_TASK DETAILS_:
From the first line to the last, please print the entries exactly, omitting pictures.

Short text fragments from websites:
******

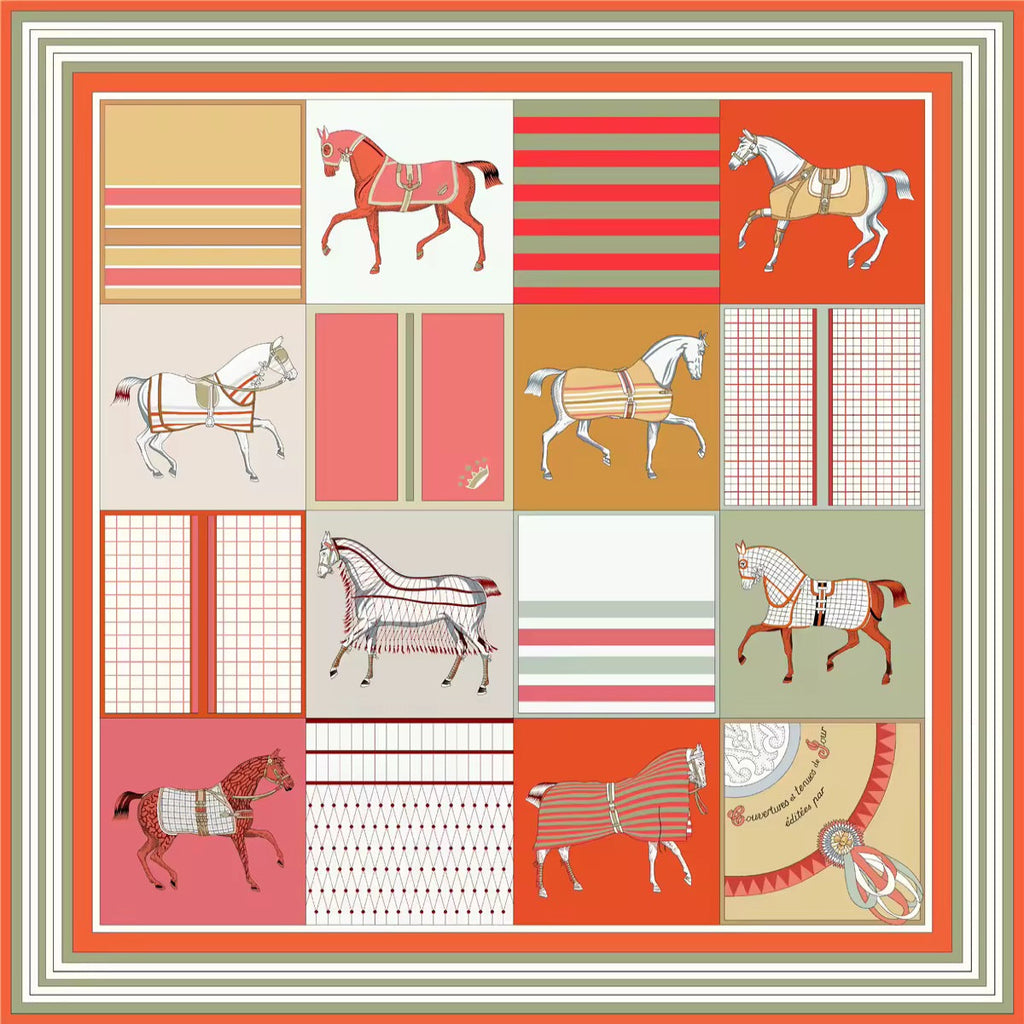 Vintage Silk Scarf Stable & Style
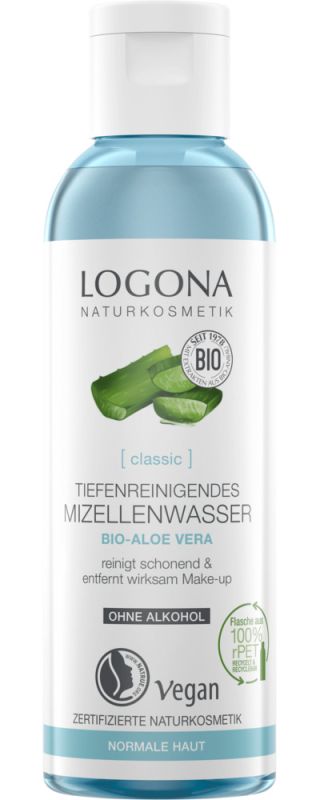 Logona БІО-Вода міцелярна для глубокого очищення Алое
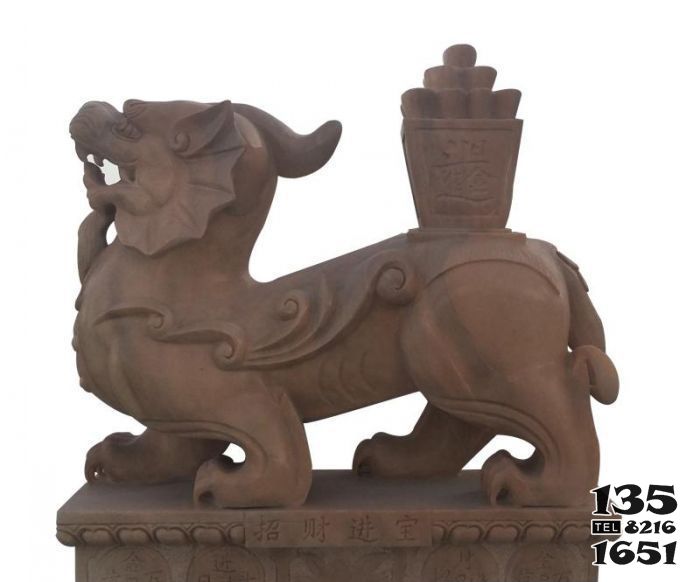 貔貅雕塑-公司工廠大理石石雕招財貔貅雕塑 貔貅雕塑-公司工廠大理石石雕招財貔貅雕塑高清圖片
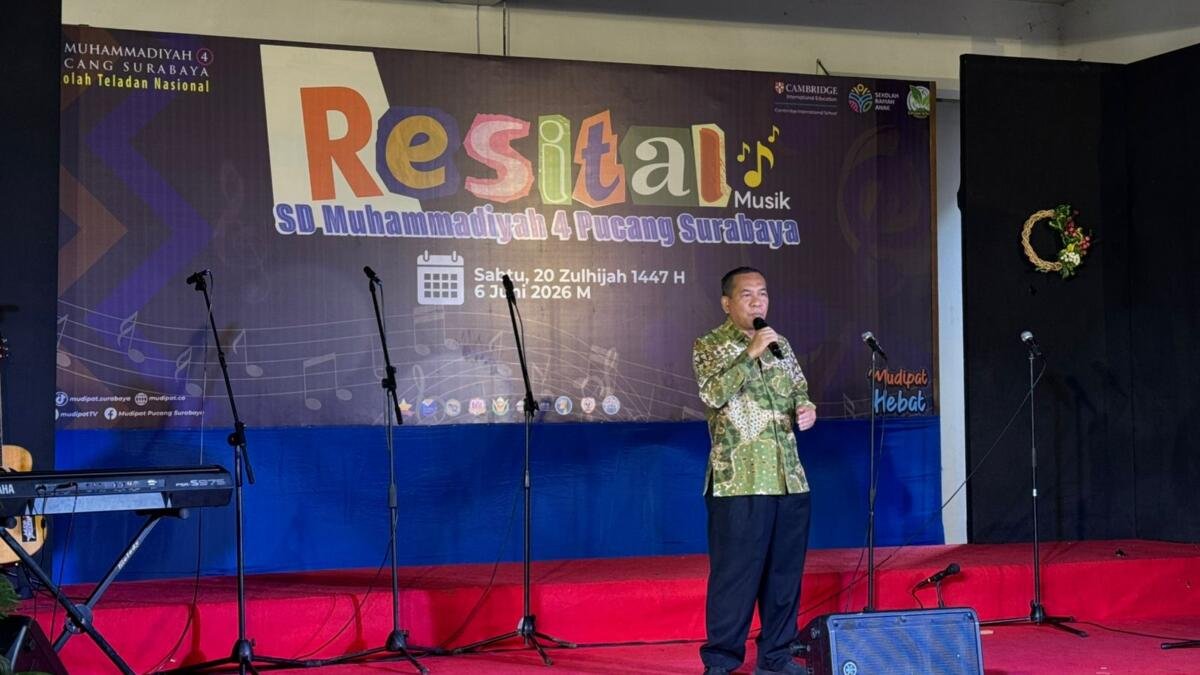 Meriah, Siswa Kelas 6 SD Muhammadiyah 4 Pucang Gelar Recital Lagu Daerah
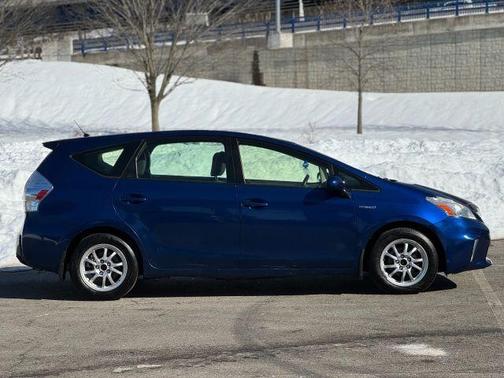 Blue 2012 Toyota Prius v Two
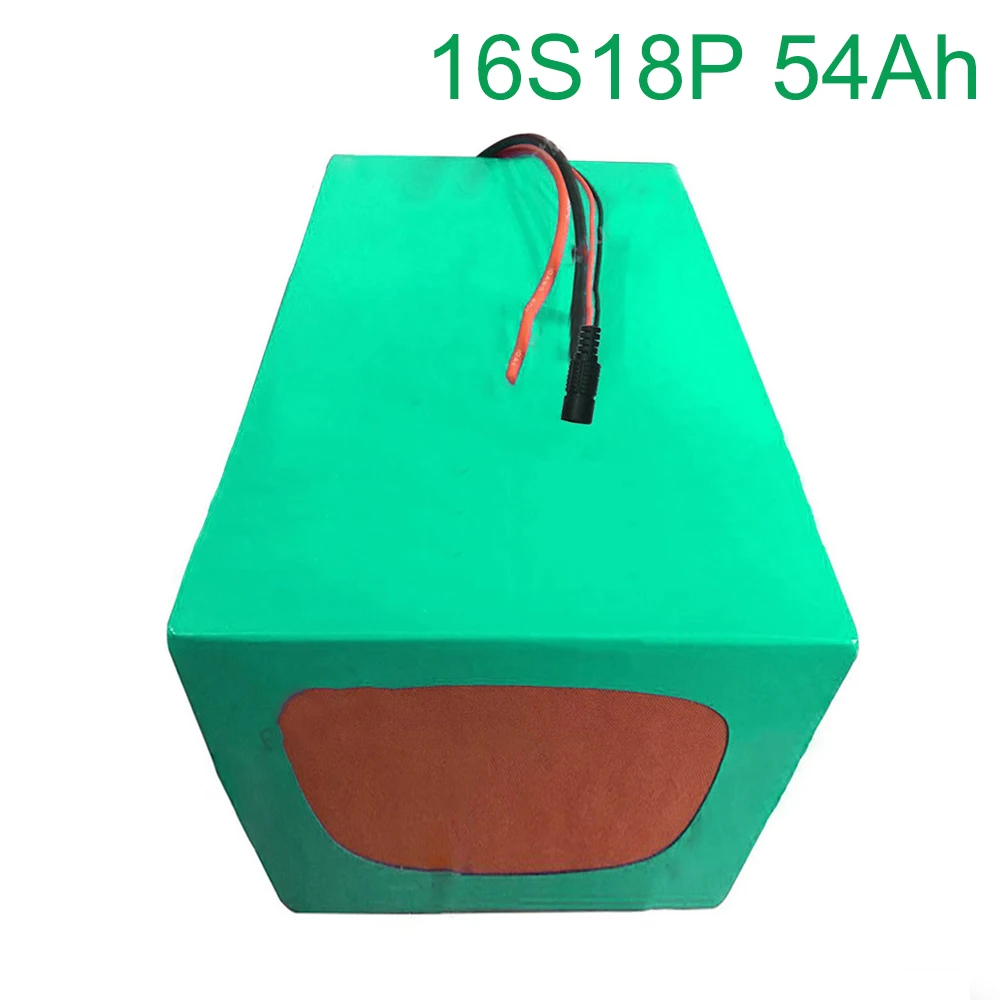 

60V 54Ah 16S18P 18650 Li-ion Battery electric two Three wheeled motorcycle bicycle ebike 315*180*140mm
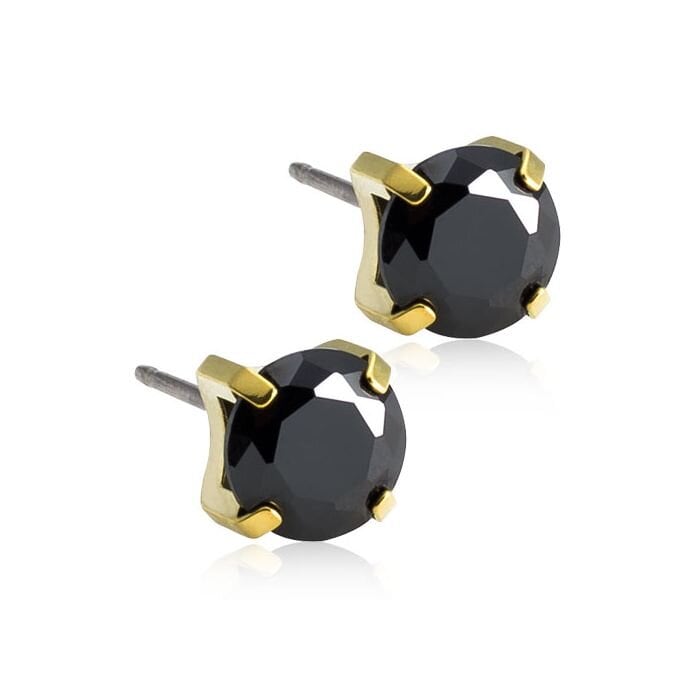 Blomdahl Örhängen Tiffany 7 mm, Black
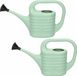 Prosperplast Gieter met broeskop - Set van 2x stuks - mintgroen - kunststof - 2 liter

******

_EXERCISE OUTPUT_:
 Vintage Silk Scarf Stable & Style
 Logona БІО-Вода міцелярна для глубокого очищення Алое
 貔貅雕塑-公司工廠大理石石雕招財貔貅雕塑 貔貅雕塑-公司工廠大理石石雕招財貔貅雕塑高清圖片
 Meriah, Siswa Kelas 6 SD Muhammadiyah 4 Pucang Gelar Recital Lagu Daerah
 Blue 2012 Toyota Prius v Two

60V 54Ah 16S18P 18650 Li-ion Battery electric two Three wheeled motorcycle bicycle ebike 315*180*140mm
 Blomdahl Örhängen Tiffany 7 mm, Black
 Prosperplast Gieter met broeskop - Set van 2x stuks - mintgroen - kunststof - 2 liter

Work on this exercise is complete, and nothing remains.